The year was 1981, the venue was the Melbourne Cricket Ground, and it was the 3rd Test between Australia and India. Whitehead adjudged the then Indian captain Sunil Gavaskar out leg before wicket off a Dennis Lillee delivery that was hitting the middle stump.
That decision, however, infuriated Gavaskar, who decided to take Chetan Chauhan, his opening partner, along with him while walking off the field in a sign of a protest at the decision.
“Gavaskar reckoned he’d hit it, but I was at square-leg and knew that he hadn’t,” Mel Johnson, the other umpire on duty on that day, told cricket.com.au.
“But Gavaskar hadn’t scored a run in the series thus far so he took them off the field.
“I remember Greg Chappell asked us, ‘What happens now?’ and I said, ‘Well, there’s a set of laws that we’ve got to follow and if he doesn’t want to play by them then the match is forfeited.’
“But Rex said, ‘I’m not standing out here in a Test match to see the game forfeited. Let’s get them back out on the field one way or another’.
“Fortunately, the manager (Shahid Durrani) pushed Chauhan back out and Dilip Vengsarkar (India’s number three) came with him.”
What happened then was something to cherish for all Indian players and fans combined. All-rounder Kapil Dev’s heroics with the ball in the last innings of the match led to a historic 59-run victory. Had they not decided to come back, the match would have been abandoned, with Australia declared as winners.

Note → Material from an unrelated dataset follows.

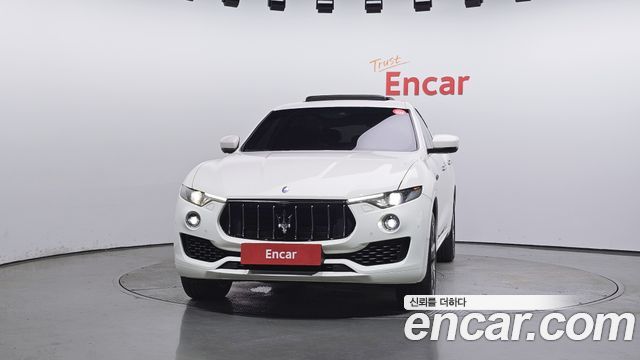 Maserati Levante 2017 thumb 4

“You can always say they were good after they’ve died,” said Johnson.
“But he (Whitehead) really was a class umpire that took it very, very seriously. He hated making mistakes, as we all do, but he was just a beaut to work with.”
When asked about Whitehead the person, “He was great,” said Johnson. “Loved a beer. Never wanted any of that half-strength stuff though – that was Rex’s attitude on most things.”